On the other hand, physical scientists, employing the scientific method and working with ever more sophisticated fMRI technologies, are still unable to pin down whether or not human consciousness is actually autonomous. Unless, perhaps, a link can be provided challenging that.
Iwannaplato wrote: Thu Jun 06, 2024 6:37 amAnd this is not a response to what is written. Iambiguous begins with 'on the other hand' then makes a point that, if anything, would be supportive of what he quoted. 'In addition' would make more sense here than 'on the other hand'.
Ridiculous. If I do say so myself. I am making a distinction between philosophers who, in one or another hallowed hall, "think all of this through" and then in worlds of words up in the philosophical clouds offer up arguments that revolve largely around words defining and defending other words.

What I would be far more intrigued regarding is Tallis's attempt to bring all of his intellectual assumptions above down to Earth and note how, in regard to Mary and Jane and issues like abortion, human interactions either are unequivocaslly autonomous or compelled.
What illusionists mobilise to put phenomenal consciousness back into the materialist box requires invoking processes even more out of reach of physicalism. Thus, the claim by Frankish that “If phenomenal properties are… a sort of mental fiction, then we need no longer be embarrassed by them” could not be further from the truth.
The truth. The truth here? Tallis can provide us with a scientific assessment establishing that human interactions are unequovocally not just embodying the illusion of free will? He's just here to provide us with a philosophical confirmation?
Iwannaplato wrote: Thu Jun 06, 2024 6:37 amI don't think he's talking about free will. He seems to be talking about substance and the limits of physicalism to explain experiencing. The article does not mention free will, it is focused on substance issues.
Maybe. But that is certainly [compelled of not] what I come back to:

"'If phenomenal properties are… a sort of mental fiction, then we need no longer be embarrassed by them' could not be further from the truth".

What are mental fictions here other than points of view wholly compelled by our brain that, instead, given the "psychological illusion of free will" we merely believe "in our head" are autonomus.

But then the part where those who argue that "everything is physical" are confronted with "the gap" as well. After all, who among us knows unequivocally what the physical encompasses ontologically and teleologically. Let alone deontologically.

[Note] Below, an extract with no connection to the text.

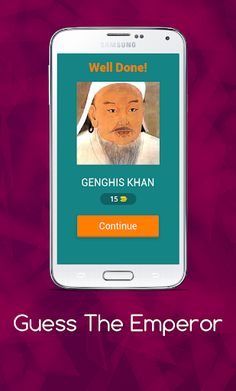 Guess The Emperor - Screenshot 3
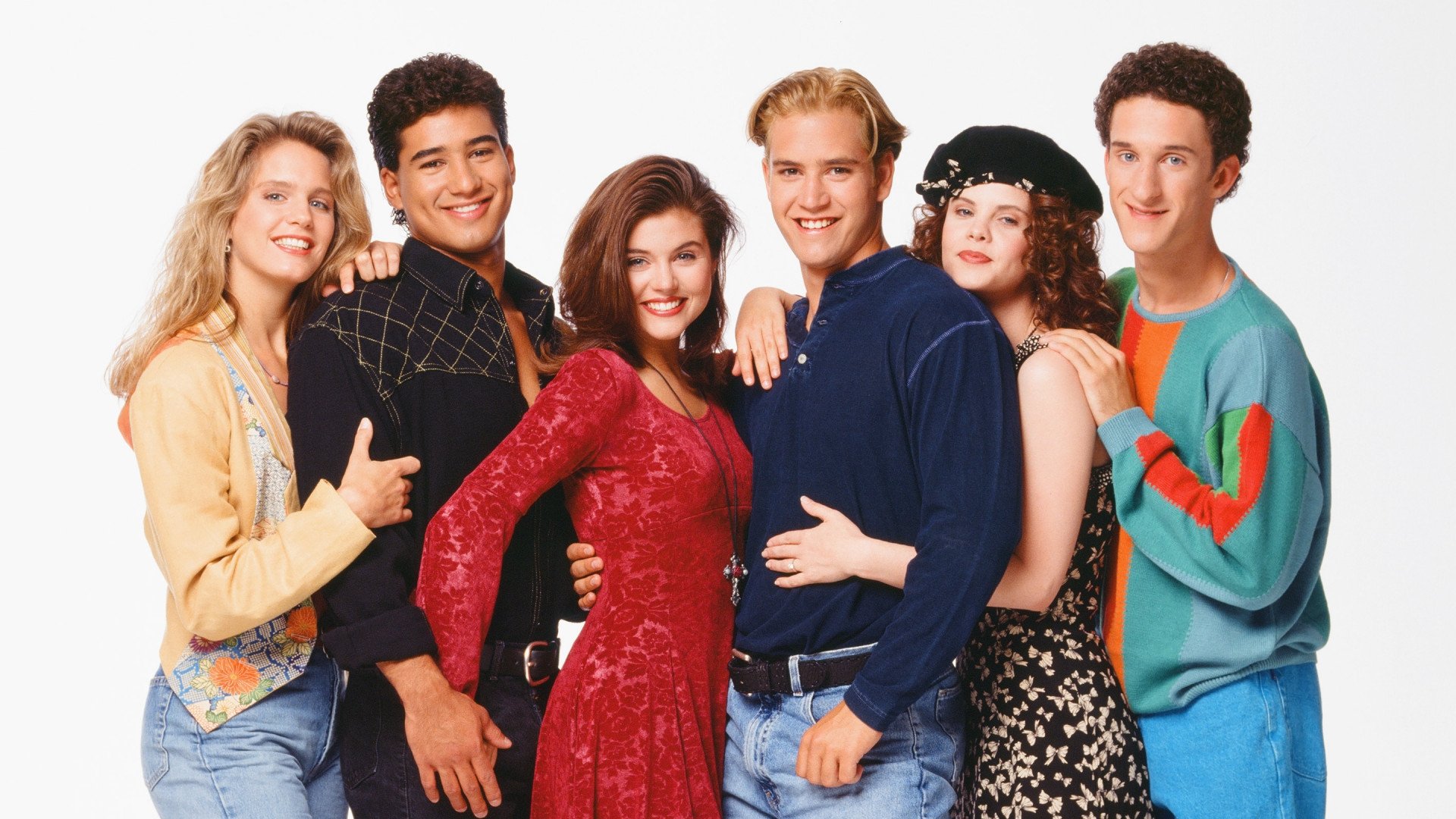 Saved by the Bell: The College Years Background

Though, again, I'm always the first here to acknowledge this: that I am simply unable to grasp these relationships in the most rational manner. And that I am misconstruing Tallis's own conclusions.
Mental fictions do not seem like the kinds of items brewed up by the physical world acting in accordance with the laws of nature identified by physicists. Illusionists, far from dealing with the embarrassment of phenomenal consciousness, have compounded the challenge it presents by requiring a slice of matter and energy to generate a fiction about itself.
Okay, then back to dreams. My own are bursting at the seams with mental fictions. The "interactions" in the dreams are created by the brain itself. We wake up noting that none of it really happened at all. Except "in our head". Indeed, how many times have we woke thinking, "whew, it was just a dream!".
Iwannaplato wrote: Thu Jun 06, 2024 6:37 amThis is an argument for solipsism or idealism. It doesn't relate to the topic of the essay and given it only manages to imply some kind of critique, it's incomplete at best. Why the evasiveness? [rhetorical question] In any case, he is not denying the existence of mental fictions, he is pointing out the problem with this for physicalism in relation to experiencing/consciousness [not free will!!!!] Illusions are experienced. So, I ambiguous is rebutting an argument not being made by the author related to an issue the author is not writing about.
Over and over again, I get this from him. If I don't react to someone's argument as he does, then I'm clearly not relating to the topic correctly.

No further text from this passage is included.